By Stephen Stetson, Policy Analyst, Alabama Arise

How do predatory lenders react when a broad coalition of Alabamians line up against usury and high-cost loans?

Charles Hunter is a professional spokesperson for a highly profitable collection of businesses in Alabama – payday and auto title lenders. He recently penned a piece attacking critics of those industries, deriding “consumer advocates who have never set foot in a short term lending store and who get paid to advocate.”

One can’t help but wonder how much Mr. Hunter is paid to advocate for his position.

Let’s be clear on who he is talking about. Over the past year, several organizations have joined forces to form a coalition called the Alliance for Responsible Lending in Alabama (ARLA).
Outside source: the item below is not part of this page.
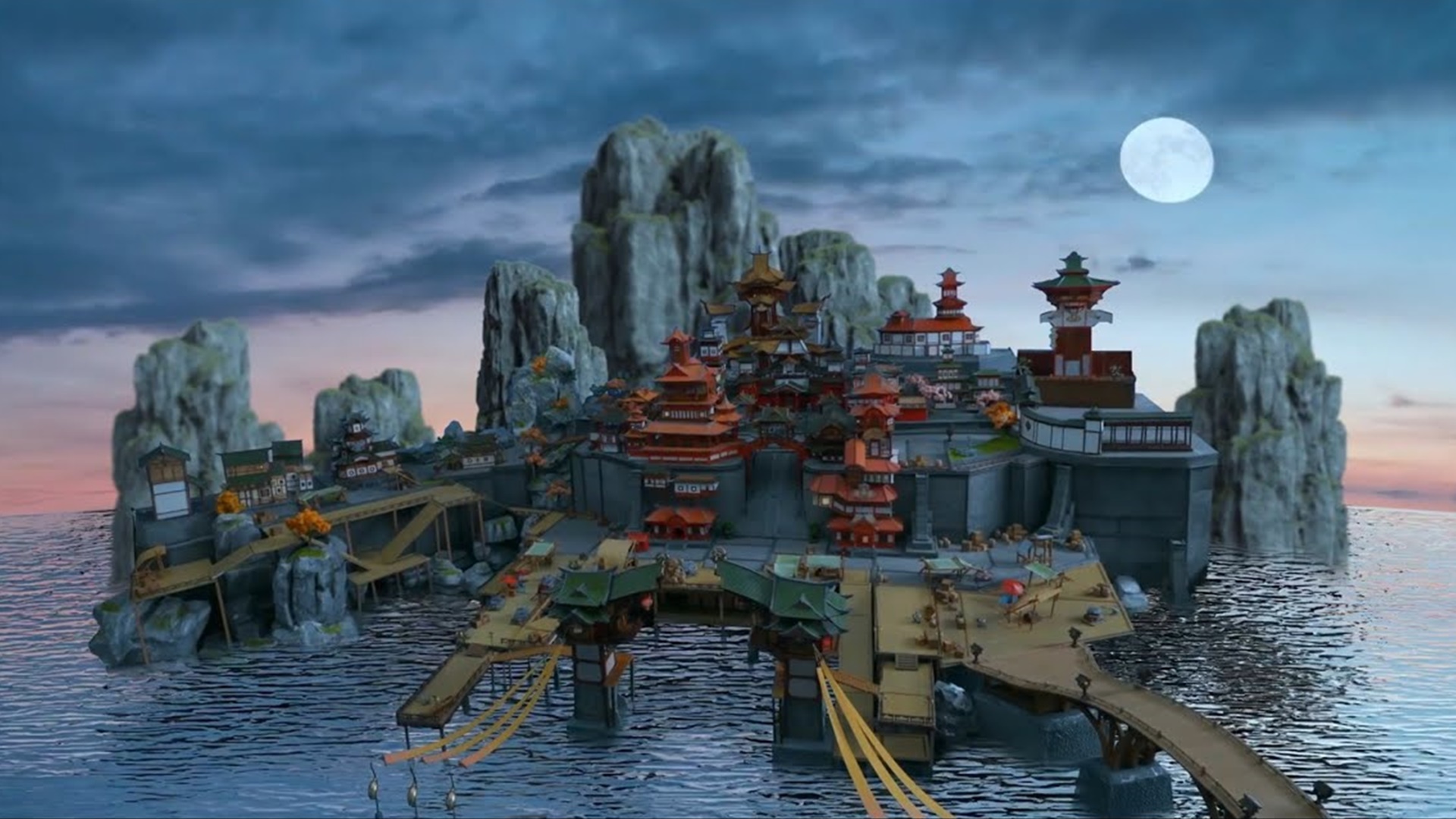 Genshin Impact Fans Spend 1000 Hours Building A Real Life Model Of Liyue Harbor Pcgamesn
Working together, groups such as the NAACP, Alabama Appleseed, AARP and the YWCA of Central Alabama (as well as my group, Alabama Arise) have pushed the Legislature to cap interest rates on the lenders’ most profitable products: 456 percent interest payday loans and 300 percent interest auto title loans.

These loans purport to help needy Alabamians, but instead take advantage of them. Far from offering a financial lifeline during a crisis, these loans trap borrowers in a destructive cycle of debt, deepening poverty and stripping wealth out of struggling families and communities.

The stories pile up like industry paychecks on Mr. Hunter’s desk: One person paid thousands of dollars on a loan without ever paying down a penny on the principal. A family’s only truck was repossessed because someone took out a title loan, resulting in a breadwinner getting fired because they couldn’t get to the job. A loan to pay for a funeral haunted the survivors for years.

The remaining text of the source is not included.